Couturiers showing no signs of fatigue in menswear finale
Valentino's military theme and Haider Ackerman's opulence hit the Paris catwalks
The fashion circus has shifted once again, from Milan to Paris and the final round of the spring/summer 2014 menswear shows. It feels appropriate for the house of Valentino to open proceedings, not because they bridge the two nations – although as Italians who show in Paris they're a neat fusion – but because they epitomise a certain shift in aesthetic. There's a touch of couture to what they do, for men as well as women.

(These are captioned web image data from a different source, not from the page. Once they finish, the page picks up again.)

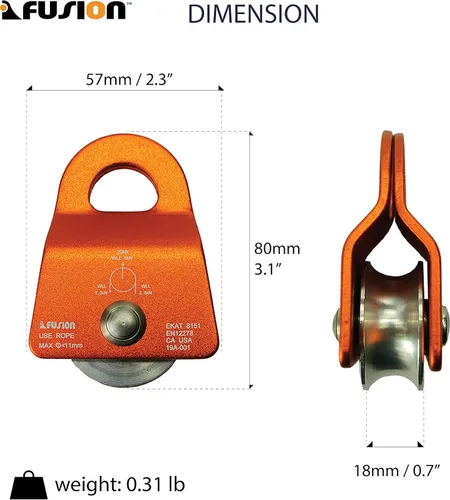 Miniatura 2 de Fusion Climb Ekat Micro Polea de oscilación lateral de aluminio, tirolesa para patio trasero, carretilla Naranja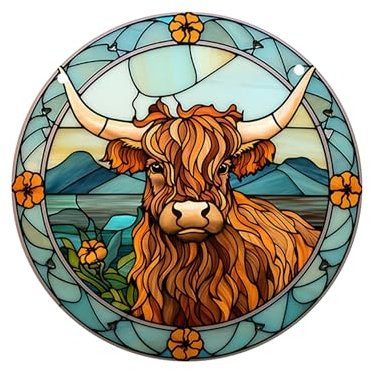 Highland Cow Christmas Ornament - Colorful Farmhouse Acrylic Round Hanging Keepsake for Women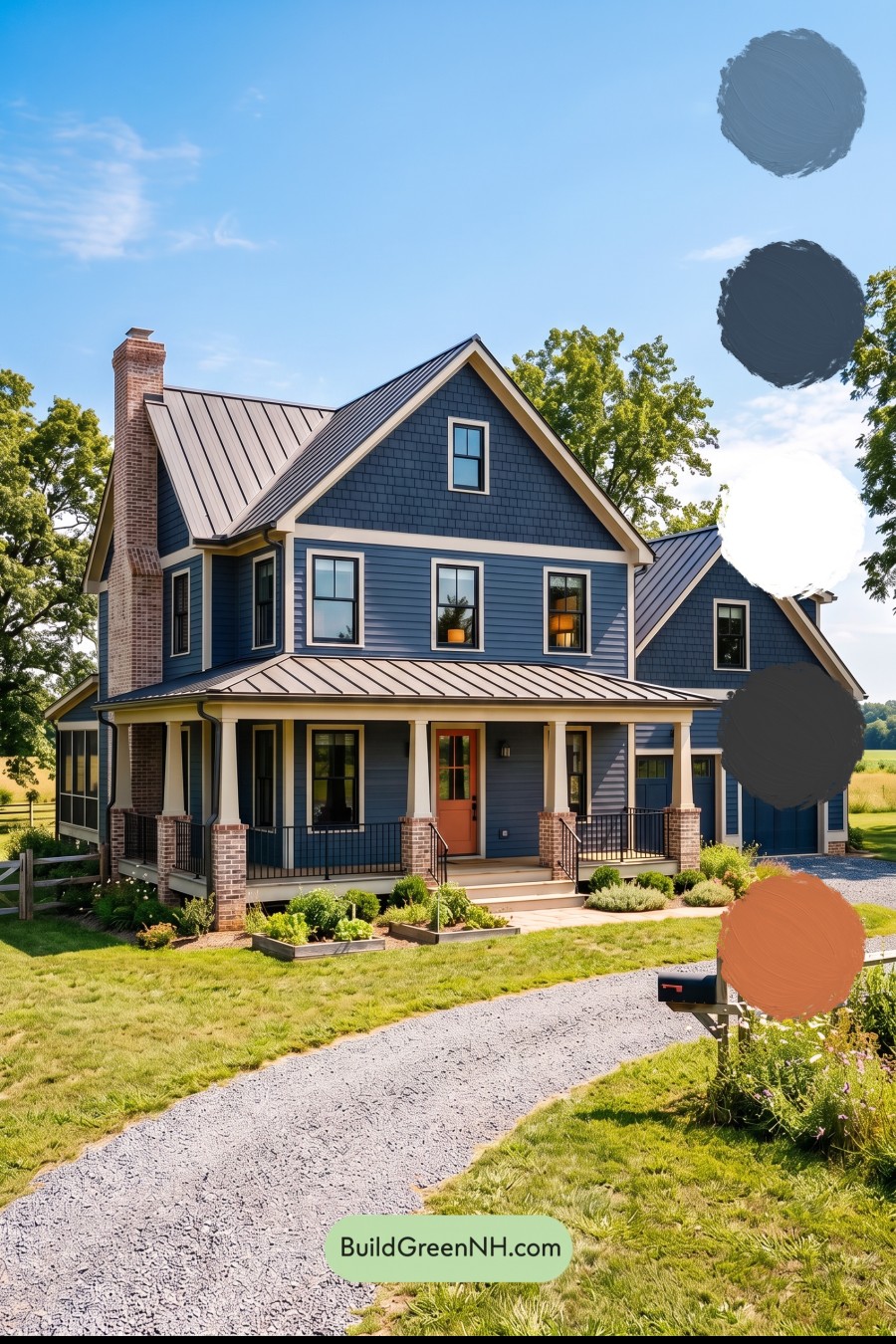 Dark Navy Blue House Exterior Color Scheme: Saffron Roofline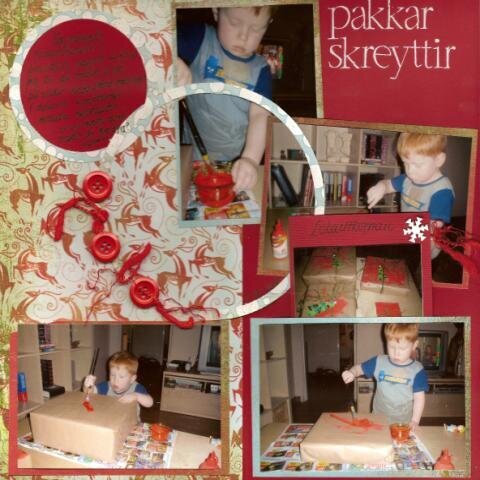 Pakkar skreyttir/decorating the gifts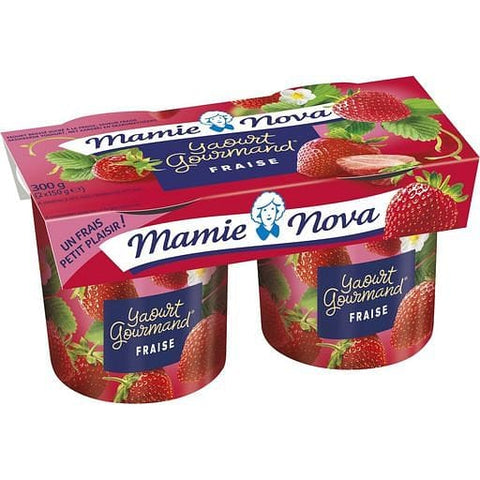 Mamie Nova Yaourt brasse a  la fraise 2x150g freeshipping - Mon Panier Latin
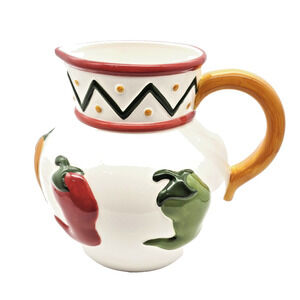 VTG Clay Art Chili Pepper Pitcher Hand Painted 2 Quart San Franisco 1999 Retired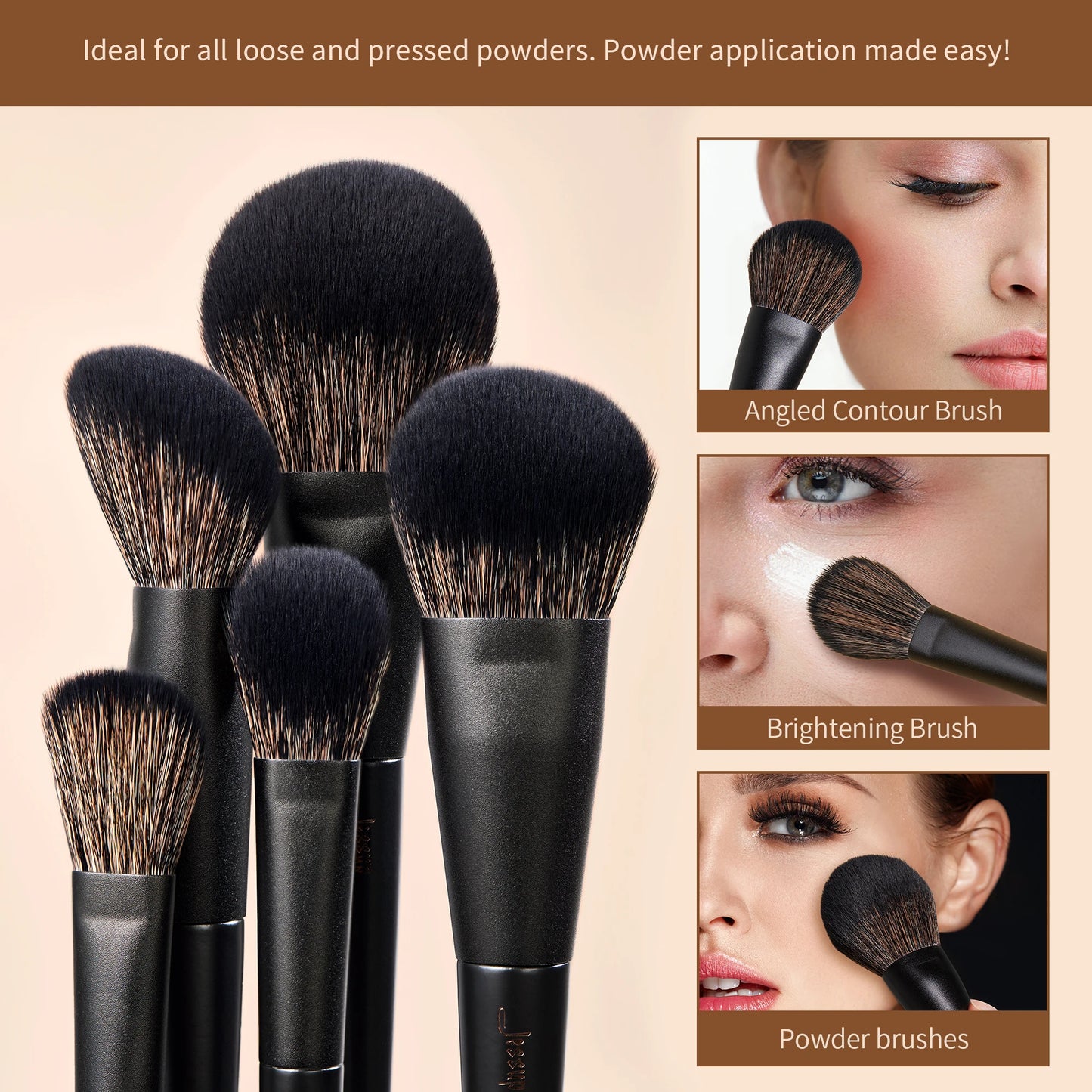 Set de Brochas de Maquillaje Jessup, 10-14 piezas - Contorno, Base, Polvo, Sombra, Iluminador, Difuminado, Corrector y Delineador T336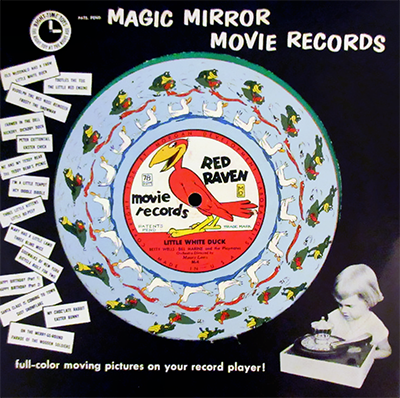 The image is a cover for "Magic Mirror Movie Records." The central feature is a Red Raven Movie Record titled "Little White Duck," with the iconic Red Raven logo in the center. Surrounding the record are colorful illustrations of ducks and other characters that are animated when played with the Magic Mirror. The cover prominently displays the title "Magic Mirror Movie Records" at the top in white text against a black background. On the left side, a list of various song titles from the record collection is shown, and at the bottom right, a small black-and-white photograph of a child watching the Magic Mirror in action on a record player is included. The tagline at the bottom reads, "full-color moving pictures on your record player!" The design emphasizes the unique and entertaining experience provided by these animated records.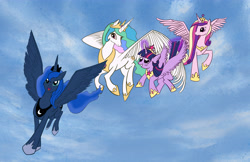 Size: 5100x3300 | Tagged: safe, artist:peichenphilip, princess cadance, princess celestia, princess luna, twilight sparkle, twilight sparkle (alicorn), alicorn, pony, alicorn tetrarchy, female, flying, looking at you, mare, open mouth, smiling, spread wings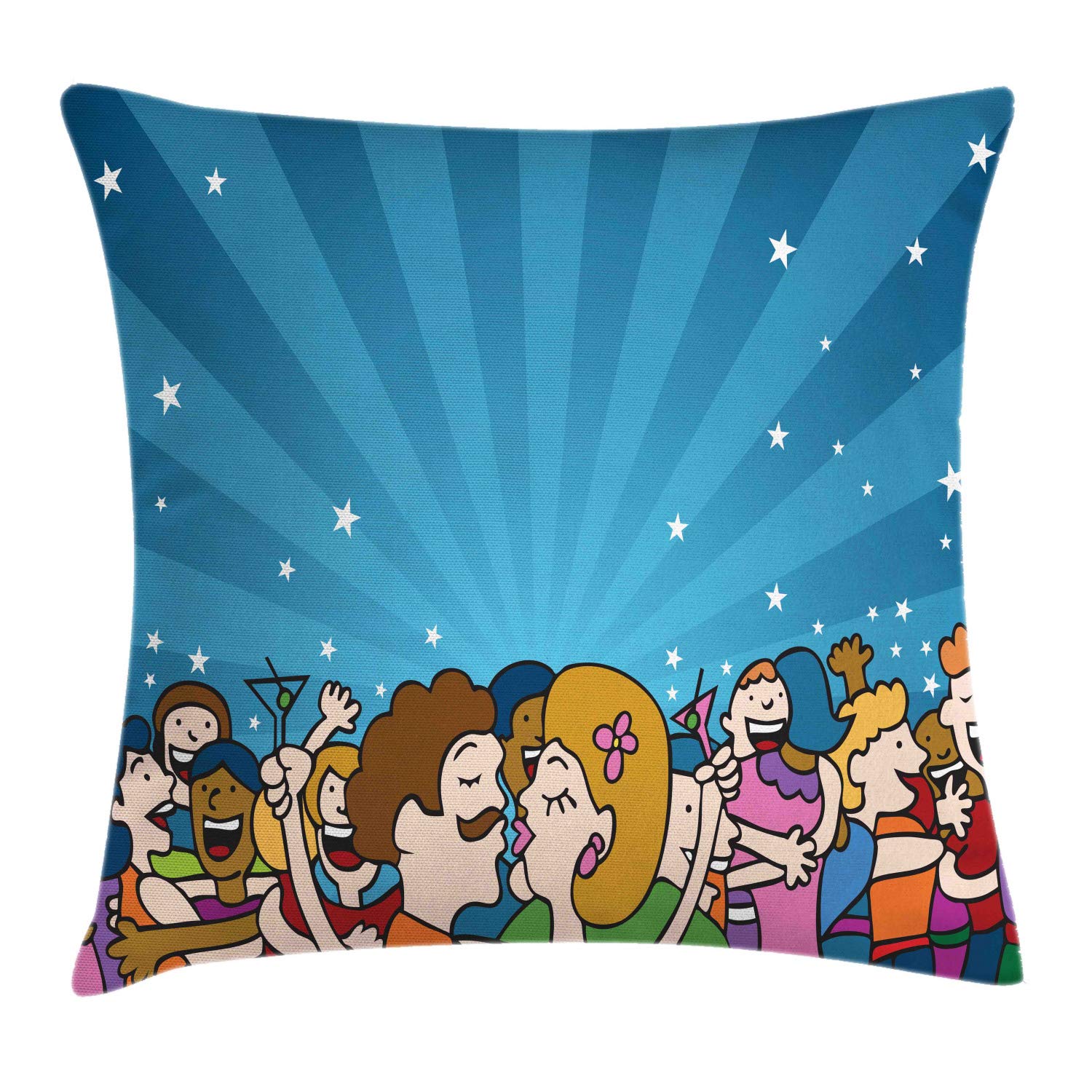 Federa Cuscino ABAKUHAUS Nozze 40x40 Cm Con Scritta "A Soli Uccelli Sposato Bacio" - Multicolore Seppia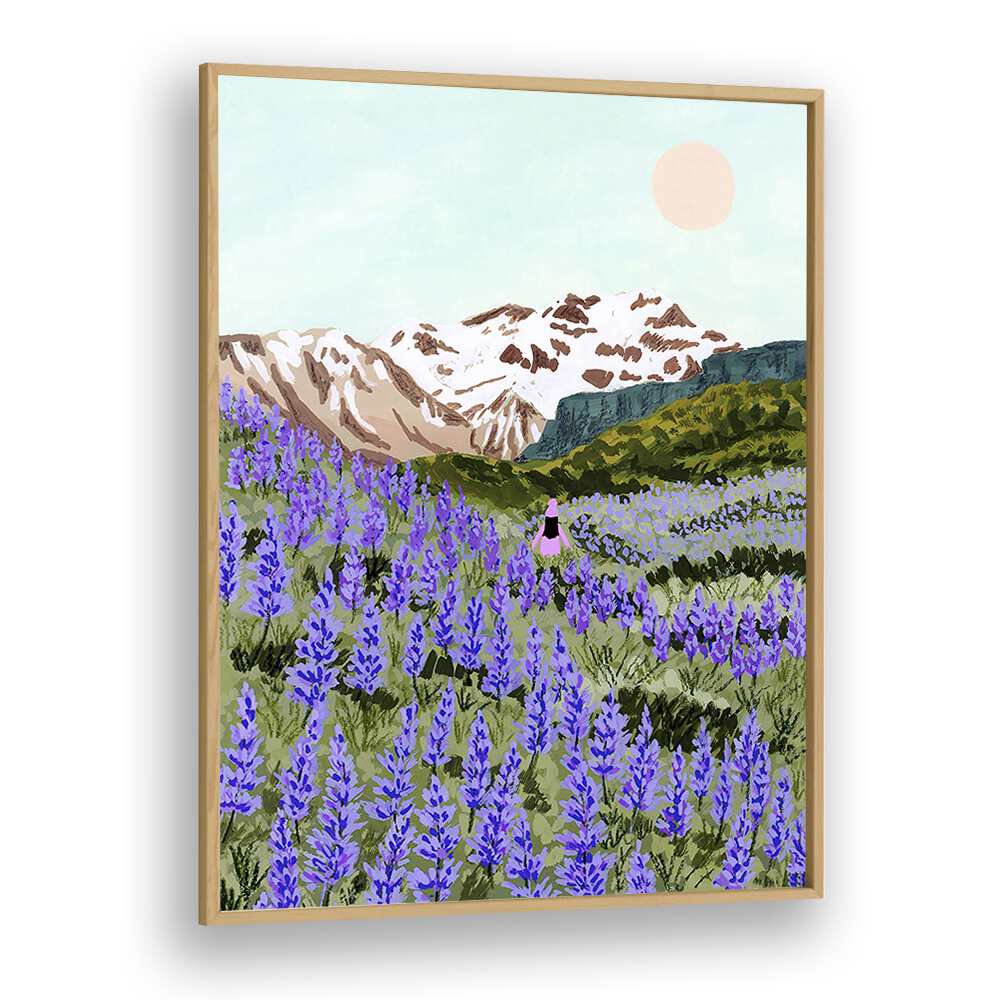 Lupine By Sarah Gesek Landscape Art Prints in Oak Wood Plain Frame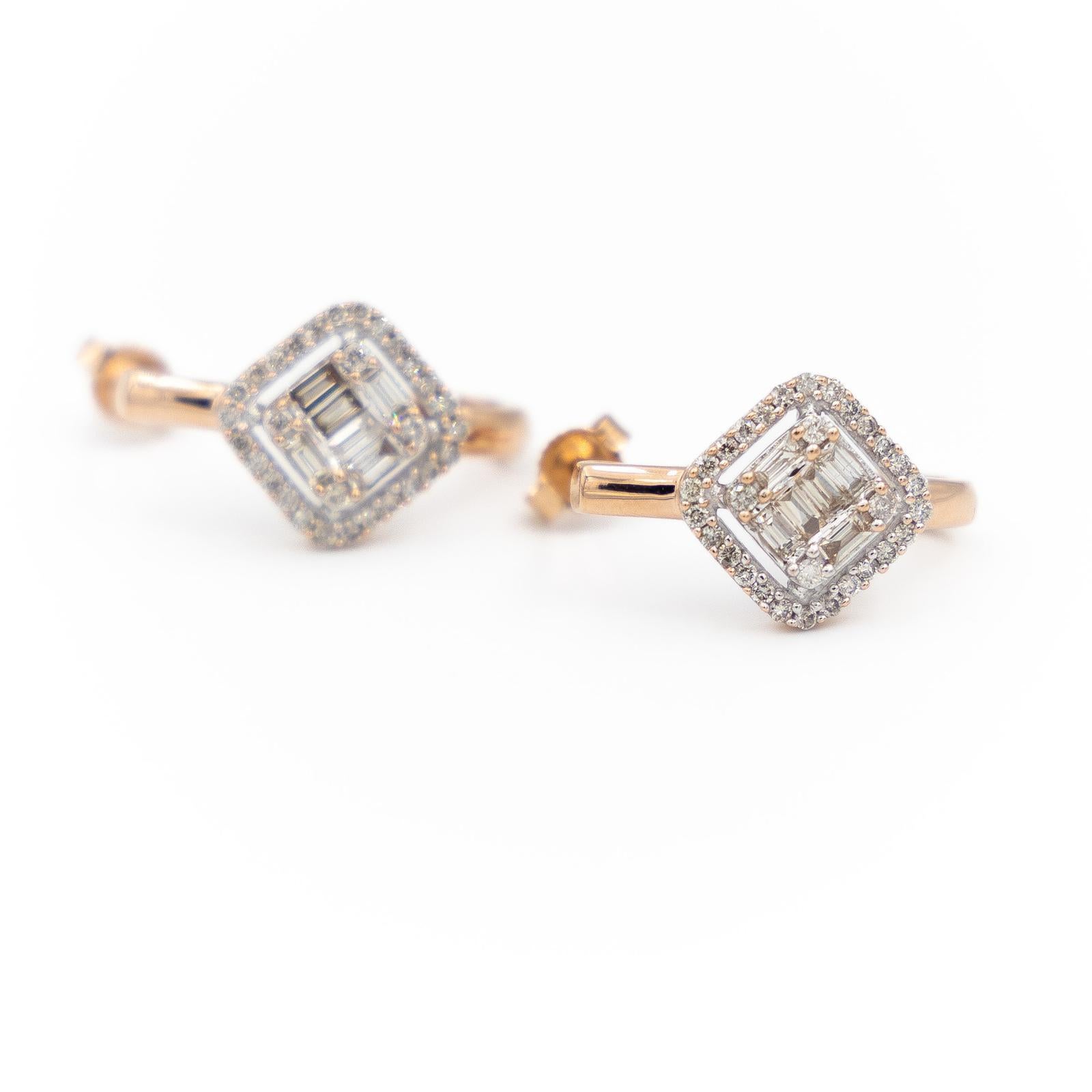 Drop Earrings Rose Gold Diamond In Excellent Condition In PARIS, FR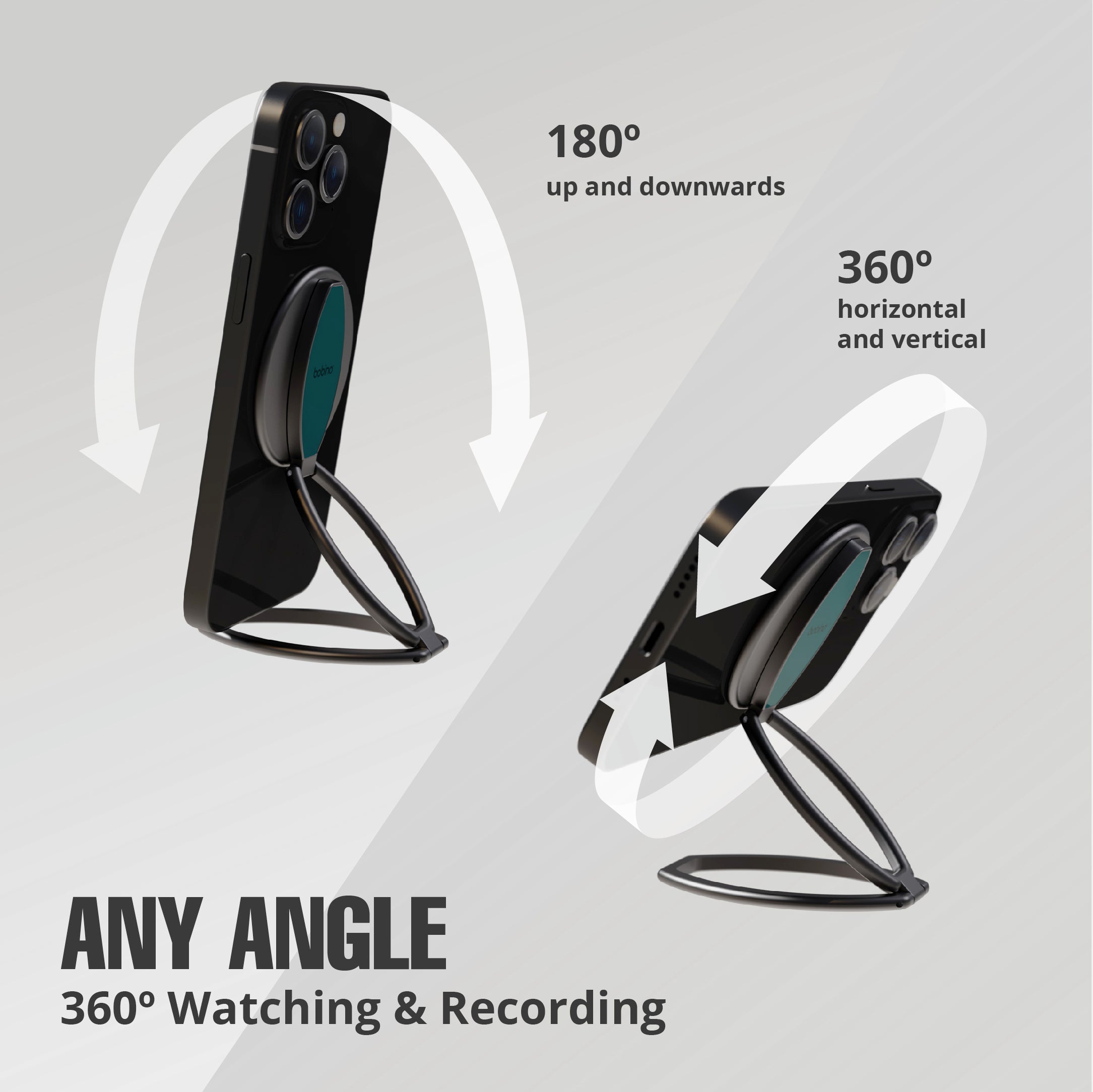 KickFlip - The World's Best Phone Stand - Watch and record at any angle - Black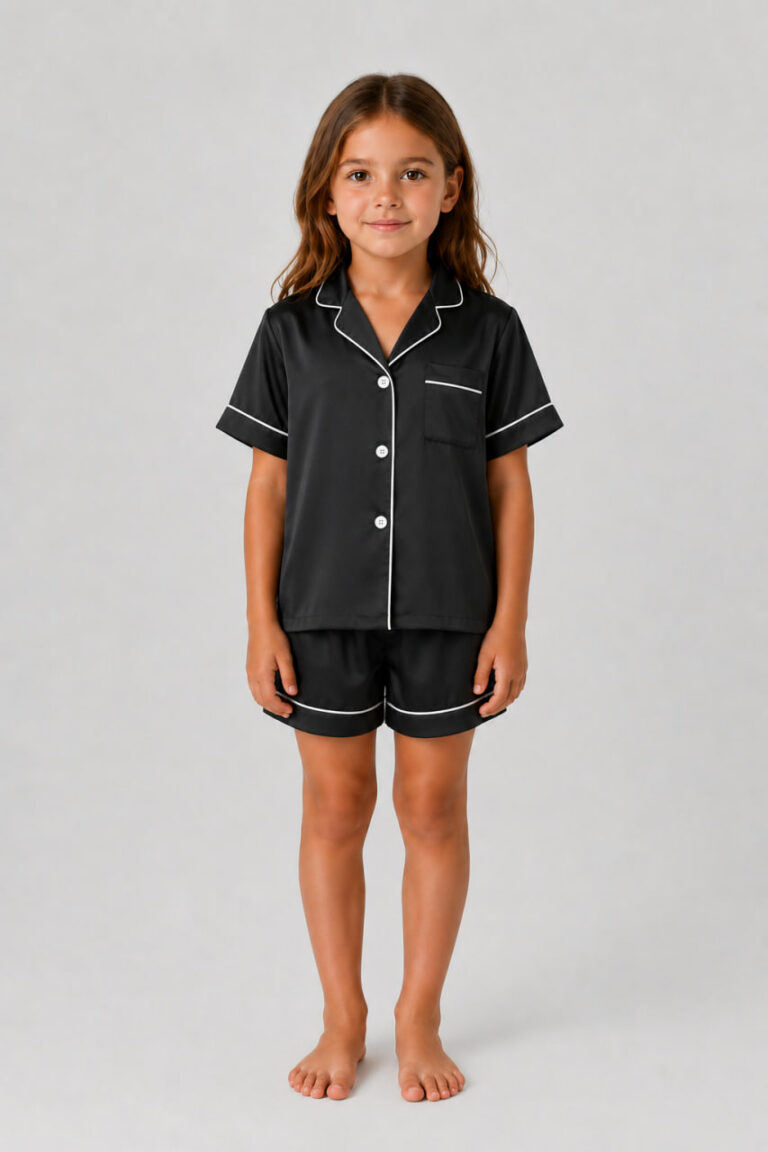 BOBRAND Kids' Pajama Set in Black – Viscose – Top and Shorts - image 2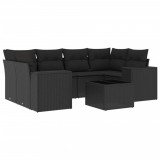 Cumpara ieftin Set canapele de gradina cu perne, 7 piese, negru, poliratan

For next season, the Valentino designers Maria Grazia Chiuri and Pierpaolo Piccioli referenced "the subversive rigour of the uniform". That meant fatigue styles of navy denim, khaki and olive-drab cottons, and camouflage paradoxically designed to get you noticed. It wasn't especially subversive, but it was desirable, if a touch derivative at times. That was, oddly, part of its charm: the way Chiuri and Piccioli managed to synthesise elements that cropped up in other collections – like the flat-folded envelope bags banded in fluoro, contrast banded strips on suiting and Milan's prevalent palette of indigo – and twist them into something that looked fresh. Something old, something new, something borrowed and something blue, like the matching his 'n' hers navy tuxes the duo took their bows in.
His 'n' hers is an idea Haider Ackermann always takes to heart – when he showed his first looks for men as a one-off in Florence in 2011, they trod out in peacock-feather embroidered slippers draped in brocaded kimonos.
In his first menswear presentation on the Paris schedule, Ackermann stuck close to his well-established modus operandi, satin obi-folded around the hip, dandyish fringed scarves and silk jacquards in Renaissance tones. Those colours – amethyst, chartreuse and a cloudy tourmaline – were the standouts, especially in a menswear season where boys wear little other than blue, although Ackermann nailed that with a succulent sapphire kimono-coat. The criticism? Squint your eyes and any of Ackermann's models could have been Tilda Swinton, an ardent Ackermann fan. Blurring genders is fine, but you hoped, from a talent like his, for a menswear aesthetic more clearly defined.
There are few menswear aesthetics as clearly defined as Raf Simons', who now shows his menswear on the first day of Paris to create the greatest distance between this presentation and his haute couture for Christian Dior, to be unveiled on Monday.
Simons' collection was relentlessly young, torsos elongated above spindly legs in the briefest of shorts, oversized multicoloured trainers an echo of the pumping dance anthems roaring out. The graphic designer Peter Saville, a Simons collaborator in the front row, would recognise the excitement of the Nineties' Hacienda days leaping from oversized shirts emblazoned with almost-nonsensical statements.
That all sounds brave and different from the rest of the season's menswear. It is. There was a striking sense of the exciting and new here, something exhilarating that will push fashion forward. Nothing old, or borrowed, or blue.